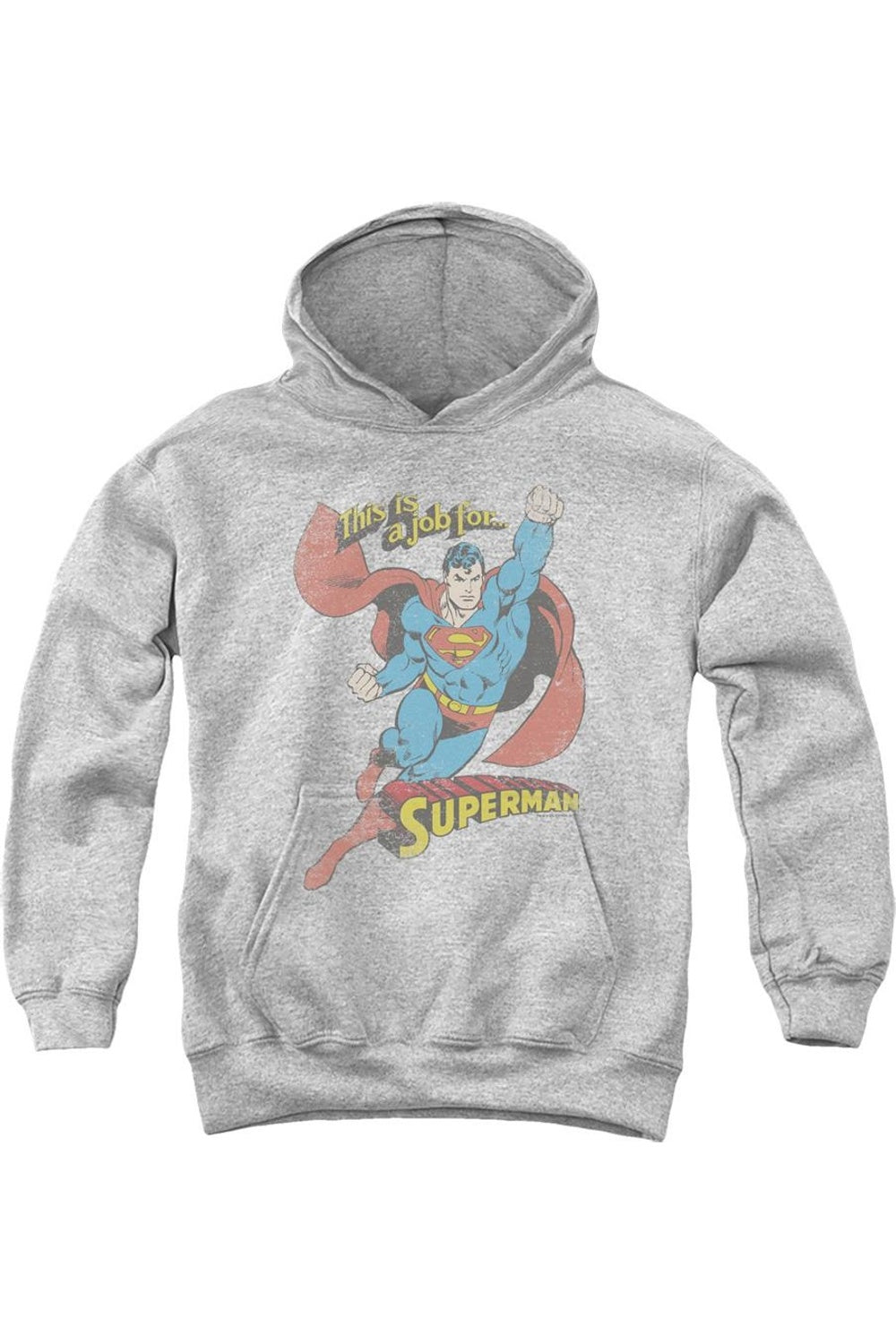 

Толстовка с капюшоном DC Comics On The Job для молодежи Gildan, Athletic Heather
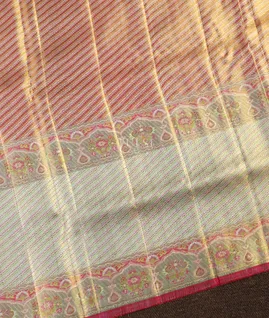 Pink Tissue Kanjivaram Silk Saree T4727093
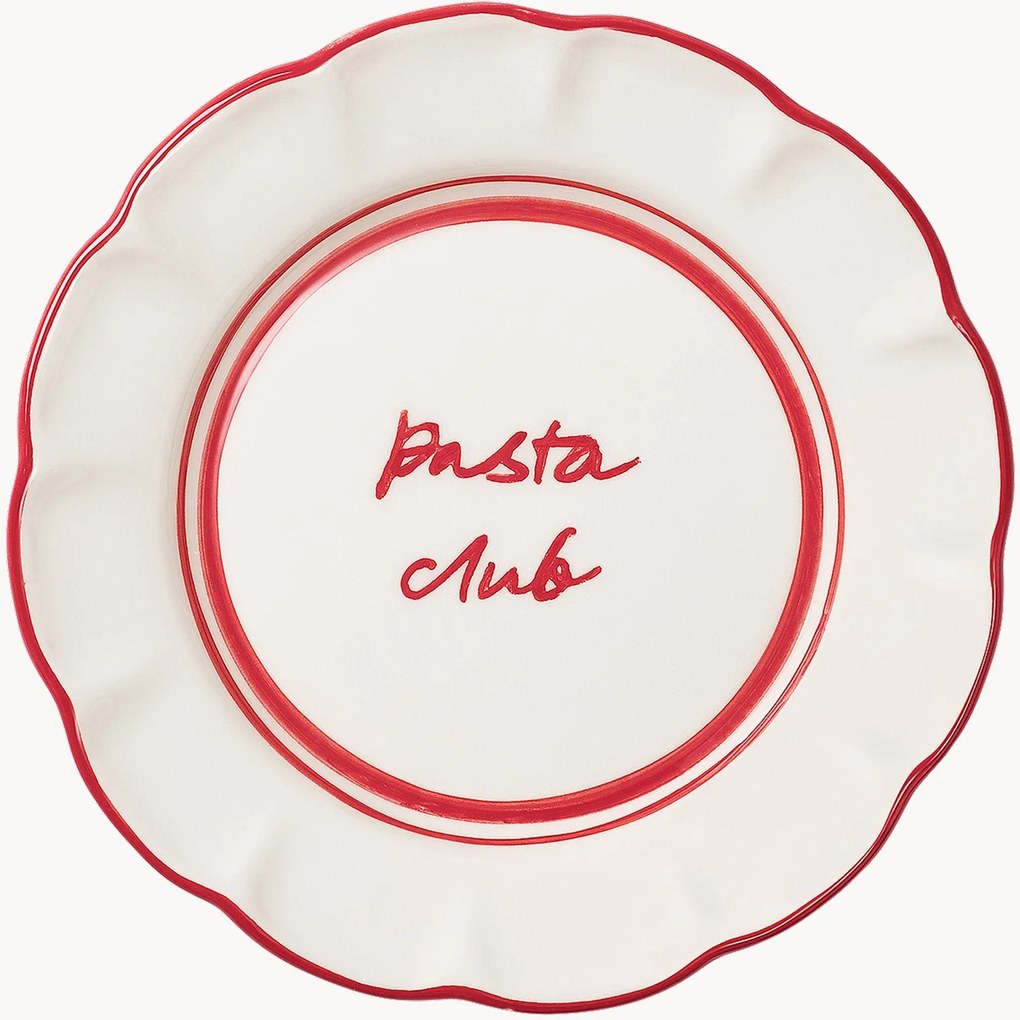 Handgemaakt keramisch ontbijtbord Bistro
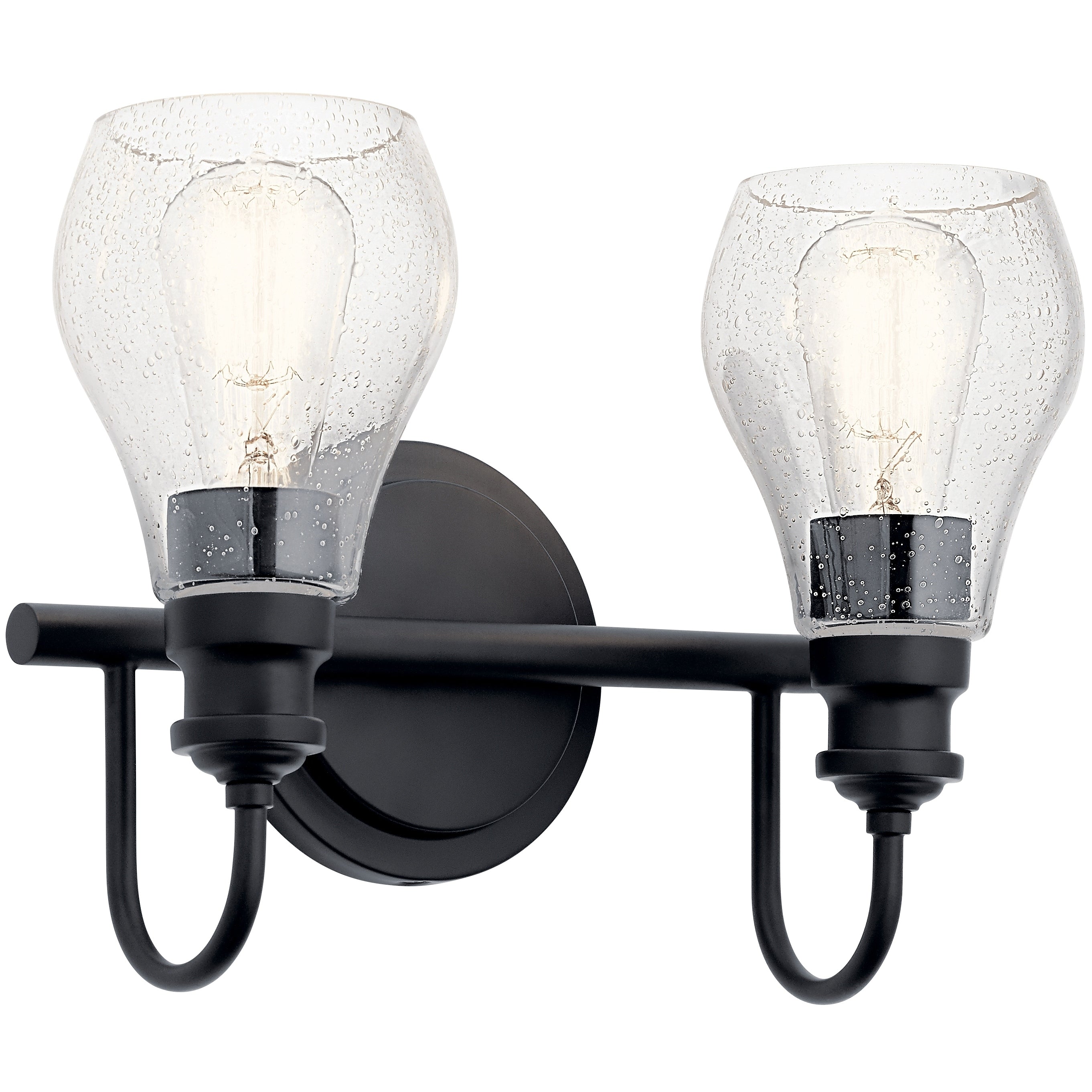 Kichler Lighting Greenbrier 2 Light Vanity Light Black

(Task objective) Print the listing exactly, minus its pictures.

(Problem solution)
Толстовка с капюшоном DC Comics On The Job для молодежи Gildan, Athletic Heather
 Pink Tissue Kanjivaram Silk Saree T4727093
 Handgemaakt keramisch ontbijtbord Bistro
 Kichler Lighting Greenbrier 2 Light Vanity Light Black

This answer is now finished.